Insektensommer-zählung – Hummeln haben den Hintern vorn!

Quelle: Nabu-Grafik

Über 18.000 Menschen nutzten im fünften Jubiläumsjahr des NABU Insektensommers die Möglichkeit, Insekten zu zählen und die Daten dem NABU zur Verfügung zu stellen. Acker-, Stein- und Erdhummel wurden auch durch die Entdeckungsfrage besonders fleißig gemeldet.

Diese Dunkle Erdhummel hat gemeinsam mit Acker- und Steinhummel die Beobachtungslisten der Insektenfans gestürmt - Foto: Stephan Haertel

Diese Dunkle Erdhummel hat gemeinsam mit Acker- und Steinhummel die Beobachtungslisten der Insektenfans
gestürmt – Foto: Stephan Haertel

29. August 2022 – Seit fünf Jahren werden jedes Jahr im Juni und August tausende Menschen zu Hobbyforschern.
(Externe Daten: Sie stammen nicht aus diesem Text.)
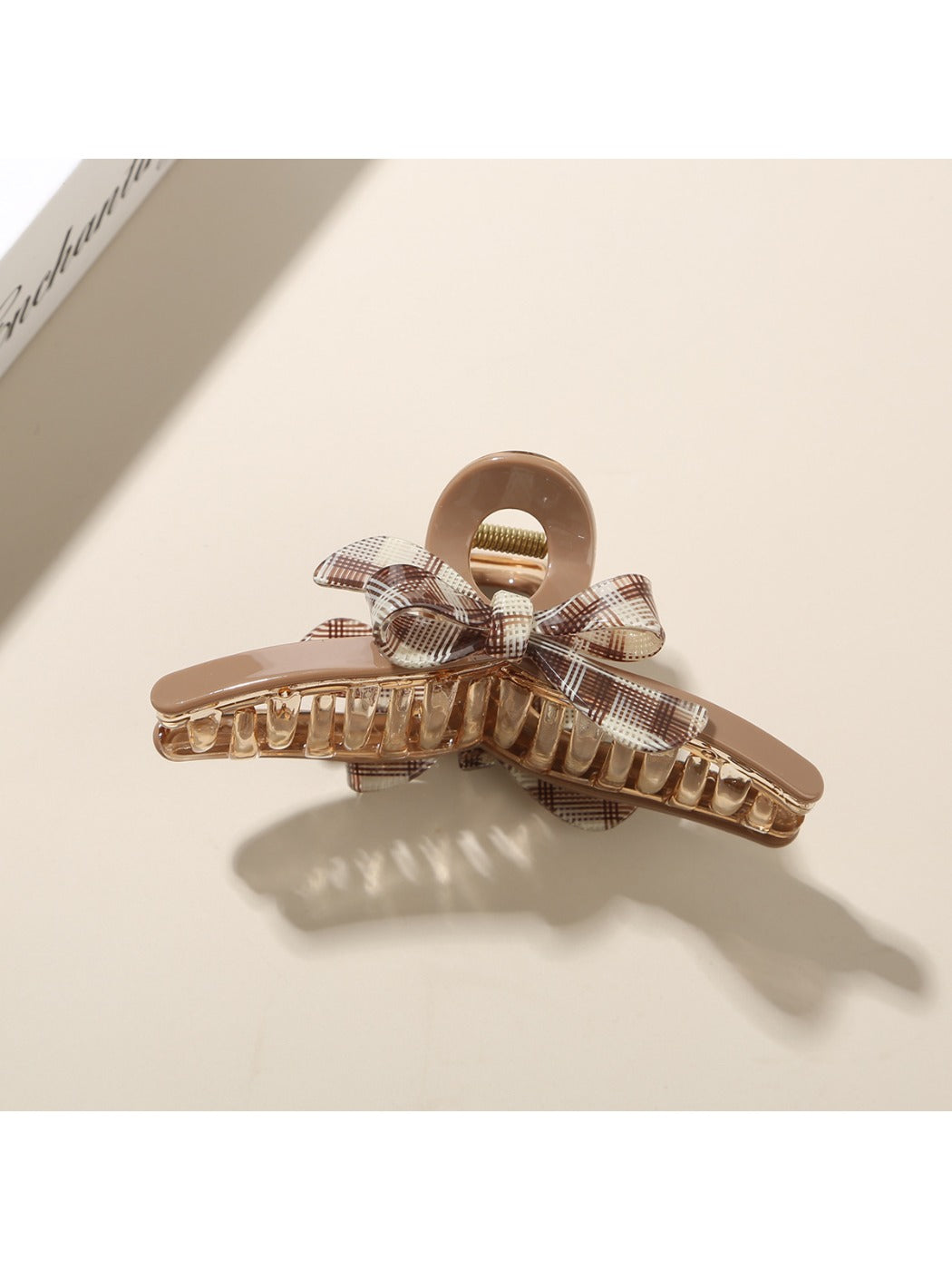 Beau - Chic Solid Color Crisscross Hair Claw Clip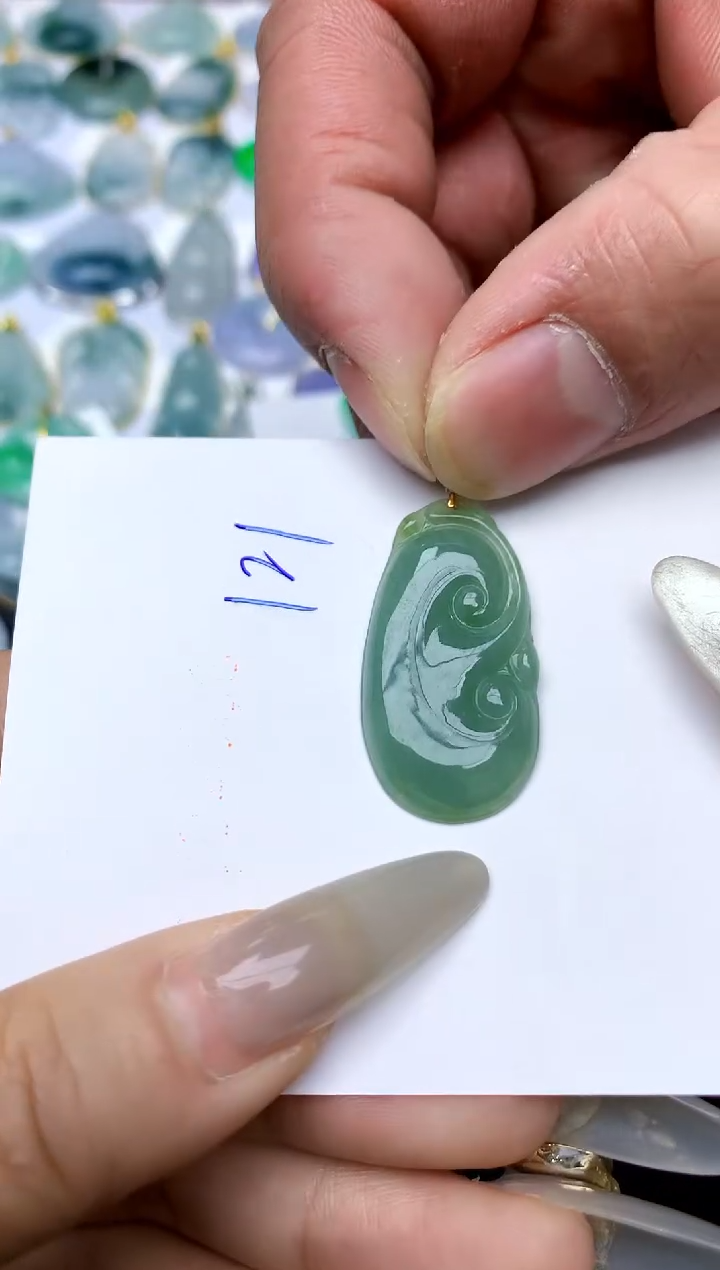 【闪购商品】翡翠颈饰18K金镶嵌天然A货翡翠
In diesem Jahr besonders im Fokus: Acker-, Erd- und Steinhummel. „Kannst Du Hummeln am Hintern erkennen?” lautete die Entdeckungsfrage für die Teilnehmenden, die zum ersten Mal genauer bei Insekten hinschauten. Insgesamt haben sich in den beiden Zählzeiträumen im Juni und August über 18.300 Menschen beteiligt. Damit zählten über 5.000 Hobbyforscher mehr als im Sommer 2021 mit. Gesamtsieger und damit den Hintern vorn haben die Hummeln. Acker-, Stein- und Erdhummel wurden auch durch die Entdeckungsfrage fleißig gemeldet.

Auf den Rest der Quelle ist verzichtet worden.